Ambassador Asoke Kumar Mukerji, India's Permanent Representative to the UN, said that unlike in the case of the Millennium Development Goals, this new agenda called for a bottom-up approach, with inputs being sought from members of civil society, academics, students, corporations and media.
"India seeks a time-bound way to meet the SDGs (Sustainable Development Goals). The focus will be on implementing SDGs, not on what they mean," Ambassador Mukerji told the media at the Indian Permanent Mission in New York, September 17.
The goals address such fundamental issues as working towards ending hunger, improving health, sustaining the planet, and ensuring peace, relying on the participation of all countries.
Ambassador Mukerji pointed out that India has set its own internal goals -- by October 2, 2019 to have seven million toilets to ensure better sanitation, and to ensure potable water for all, and by 2022 to generate 100GW of energy through solar power.

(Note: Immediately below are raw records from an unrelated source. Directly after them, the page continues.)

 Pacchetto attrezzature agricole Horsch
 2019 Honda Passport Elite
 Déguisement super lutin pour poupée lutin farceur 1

India's agenda for the 70th General Assembly include reform of the UN Security Council (possibly to include more the five permanent members), addressing the post-2015 agenda, ensuring international security, confirming its commitment to peacekeeping operations with the consent of all parties and avoiding attack except in defence, and its resolve to fight terrorism. It will also focus on human rights, and seek a calculated reduction in nuclear weapons over time.
Permanent Representative Mukerji described the letter Modi had written to UN Secretary-General Ban Ki-moon, stressing that removing poverty should be the main focus of the post-2015 development agenda.

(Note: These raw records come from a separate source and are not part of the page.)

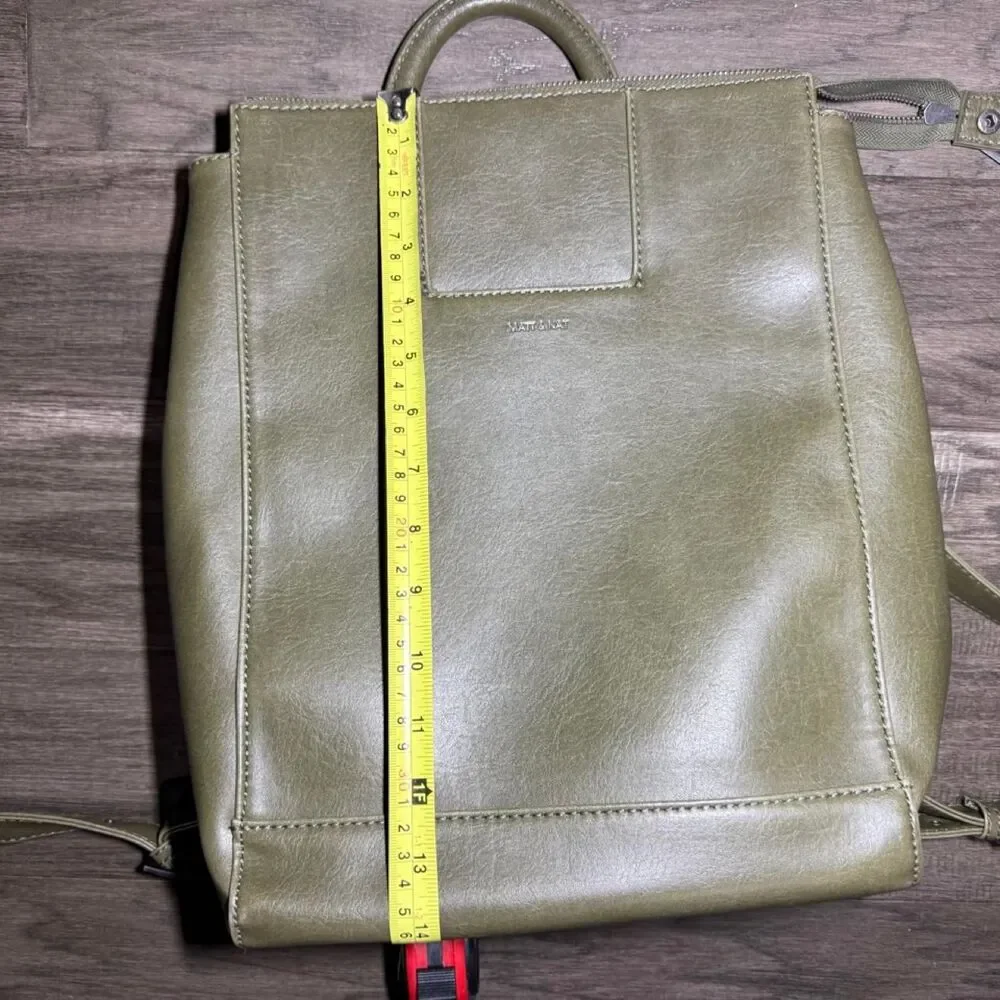 Matt-nat Women's Green and Khaki Bag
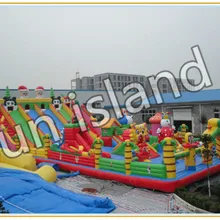 Новинка, горячая Распродажа, надувной игровой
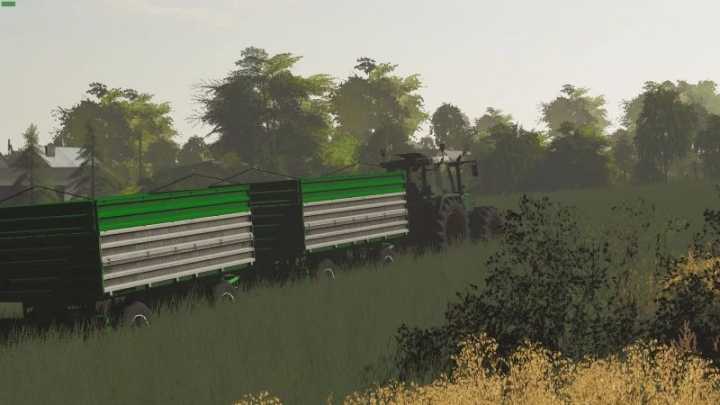 Mega Metal 14T Trailer V1.0 FS19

Modi's letter spoke of the hope that India put on Digital India, which would target benefits to the needy, make service delivery more efficient, increase civilian participation in governance, and ensure financial inclusion and empowerment of citizens.
On the issue of human rights, Modi's letter said 'human rights issues continue to be exploited selectively, more often for narrow short-term political ends.' It added that that while civil and political rights were of prime importance, so were economic, social and cultural rights and the right to development.
'We should utilise the opportunity presented by the 70th anniversary of the United Nations to change this paradigm fundamentally, and usher in a new one that seeks to promote all human rights everywhere,' Modi's letter said.
The prime minister enclosed with his letter to Ban commemorative stamps and coins commissioned on June 21, the First International Yoga Day.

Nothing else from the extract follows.